05 avril 2020 à 16h30 Par la rédaction
Crédit photo : Photo d’illustration K6FM

Malgré la période de confinement que nous vivons, la plupart des viticulteurs de la région continuent de travailler dans leurs vignes ou dans leur domaine. Ci-dessous un état des lieux fait par le Bureau Interprofessionnel des Vins de Bourgogne.

Depuis le quasi arrêt de la France dans le cadre du confinement, les vignerons et négociants de Bourgogne poursuivent leur activité avec sérieux et… ingéniosité. Parce que la vigne continue de pousser, parce qu’il y a toujours du travail en cave, parce qu’il faut aussi penser à la reprise. Dans les parcelles comme dans les cuveries, le travail s’organise dans le respect strict des gestes barrières.

A la vigne, l’activité va aller crescendo

Le hashtag #LaVigneContinue existe pour une bonne raison : la nature ne peut pas se confiner. A fortiori au printemps, quand la sève remonte dans les ceps et que les bourgeons sortent de leur coton. Dans chaque parcelle, le travail est là : il faut finir de tirer les bois après la taille, revoir le palissage, attacher la vigne, labourer. Après le débourrement, il faudra ébourgeonner et ensuite évasiver.

Vignerons et négociants de Bourgogne poursuivent donc le travail dans la mesure du possible, en s’adaptant. Nicolas Rossignol, à Gevrey-Chambertin, organise ainsi son équipe : « J’ai demandé à chacun d’utiliser son véhicule personnel pour les déplacements. A la vigne, chacun a sa parcelle ou alors nous laissons 2 à 3 rangs entre nous (2 à 3 m) si nous devons travailler au même endroit. En plus de l’attachage et des réparations dans le palissage, nous commençons les labours. J’ai deux tracteurs. Chaque gars a le sien. »

Pour l’anecdote, il confie qu’en guise de gel hydro alcoolique, il a déniché une tête de distillation de marc de Bourgogne. « Ça titre 80 degrés et c’est idéal pour désinfecter les mains et le matériel ». De même, les repas ne se font plus en communauté : comme il fait beau, chacun déjeune dehors. Il faut simplement aller séparément réchauffer sa gamelle à la cuisine.

Il y a aussi les impondérables à gérer. Ainsi, l’embauche d’un saisonnier a permis de pallier l’absence d’un salarié, contraint de rester à la maison pour s’occuper de ses enfants.

Dans les domaines et les négoces où les équipes sont plus importantes, les responsables ont également su s’adapter. Avec des équipes de 10 personnes et plus, il faut faire preuve de souplesse : les horaires d’embauche sont décalés pour éviter de se croiser, les personnes qui sont partiellement occupées à garder les enfants viennent travailler quand ils le peuvent, y compris le week-end. Nicolas Rossignol conclut : « La végétation repart, néanmoins le froid qui est arrivé en début de semaine dernière l’a un peu ralentie. Mais globalement, nous travaillons au même rythme que d’habitude. »

Une adaptation plus complexe à la production

A cette saison, le travail en cave est plus calme. Les vins sont en plein « élevage » et il faut principalement « ouiller » les pièces de vin. Pour cela, une seule personne est généralement nécessaire. Les autres tâches, moins prioritaires, attendront.

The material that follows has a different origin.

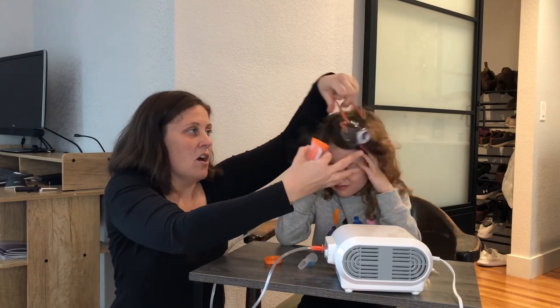Pretty easy to take on and off. The mask in particular is for kids, and then we also have an adult size mask as well.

Pour la production (mise en bouteilles, étiquetage, expédition), le maintien est plus ardu. Un certain nombre d’entreprises poursuivent leurs missions, en attendant que d’autres reprennent leur activité d’ici 15 jours. Quelle que soit la tâche, les responsables sont attentifs au maintien des distances de sécurité, ainsi qu’au respect de toutes les recommandations du Ministère de la santé. L’important est de préserver la santé des équipes.

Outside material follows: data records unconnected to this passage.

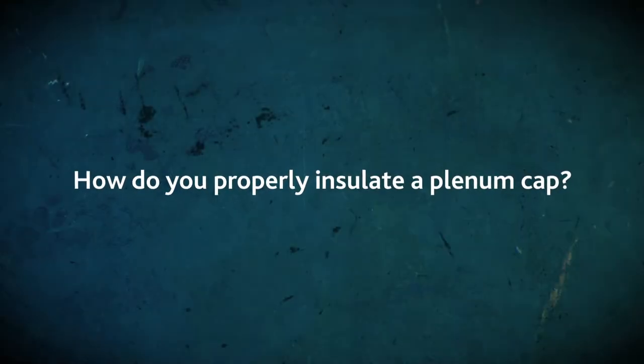How do you properly insulate a plenum cap? What you have to be careful of when you're designing the clean room — and this is why you need the support of an expert to help you do that — is you need to understand that if you're going to have an environment where one side of the wall or surface is in an uncontrolled environment and the other side is a controlled environment, you need an insulating value.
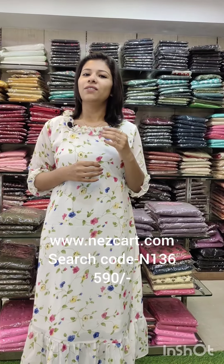You can order on the website: www.nescart.com. We have a search code.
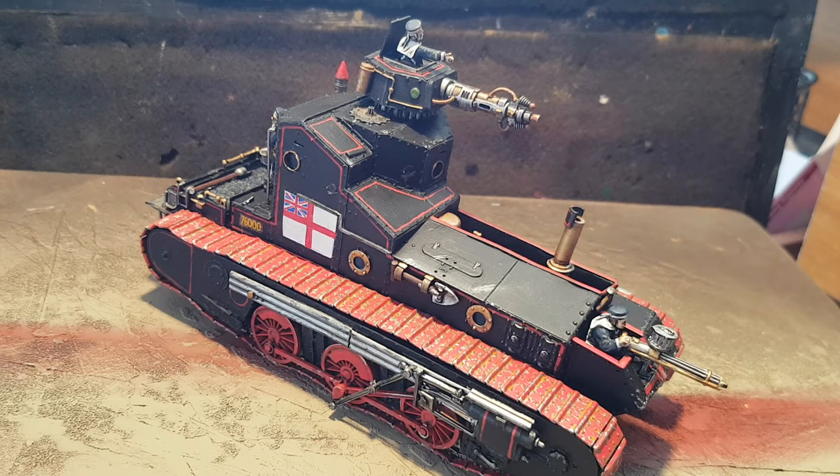Hi chums and chappers, it's your friendly Brush and Quill here, and I've got my finished steam tank here for your amusement — I guess, perusal.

Au niveau commercial, les commandes sont moins nombreuses qu’en temps normal. Plusieurs transporteurs continuent cependant d’assurer les livraisons. Certaines commandes pour l’international sont en attente, prêtes à partir dès que le transport international reprendra. « Nous savons que la situation actuelle n’est qu’une pause. Nous sommes prêts à répondre à une demande plus importante, dès qu’elle arrivera. » Explique Louis-Fabrice Latour, Président du BIVB et PDG de la Maison Louis Latour. « Les responsables des maisons et des domaines étudient les possibilités de reprise d’une activité normale en production, avec le souci de la sécurité de chacun. »

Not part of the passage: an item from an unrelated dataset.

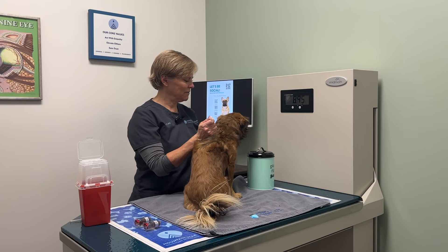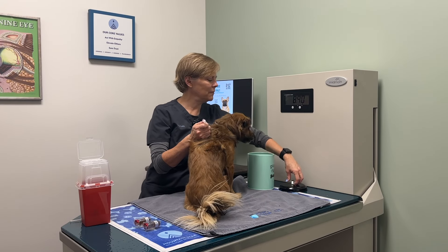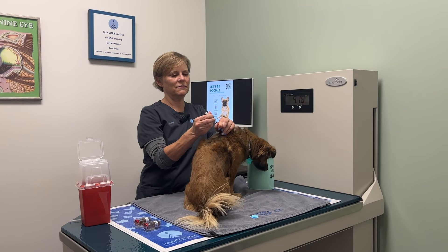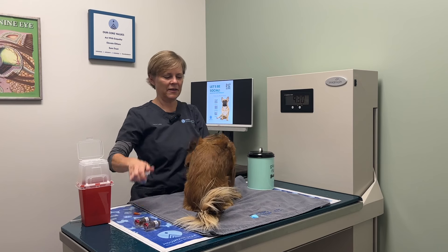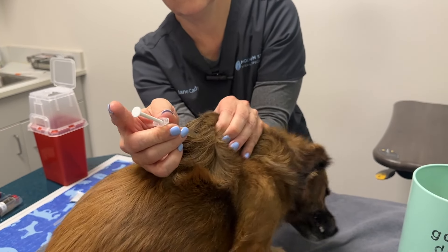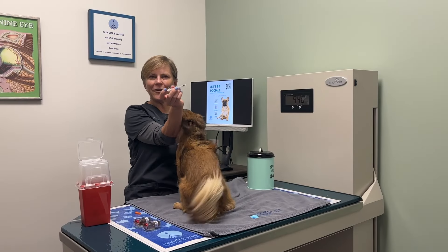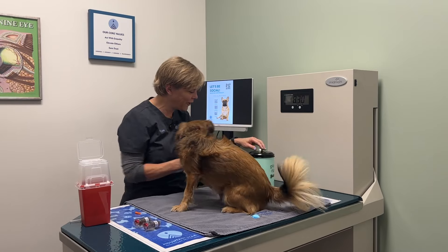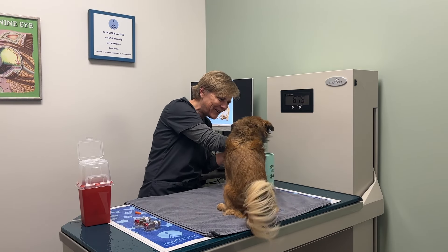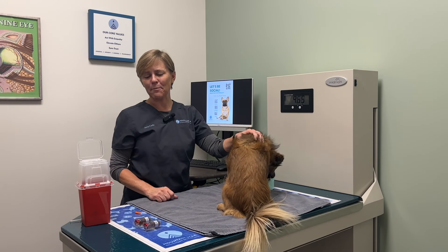Now I'm ready to give the injection. I have the cookies — give her one right now. Uncap the syringe, make the tent, put it right in the door of the tent, and depress the plunger. Good girl! Then straight into the sharps container. You did such a good job! Straight into the sharps container without putting the cap back on.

Il ajoute, au nom de l’ensemble de la filière : « Nous sommes conscients de tous les efforts qui sont faits, à tous les niveaux, pour que la France sorte le plus vite et le mieux possible de cette crise sanitaire. Nous contribuerons à la reprise. Nous sommes également reconnaissants à tous ceux qui veillent sur nous et nos familles. »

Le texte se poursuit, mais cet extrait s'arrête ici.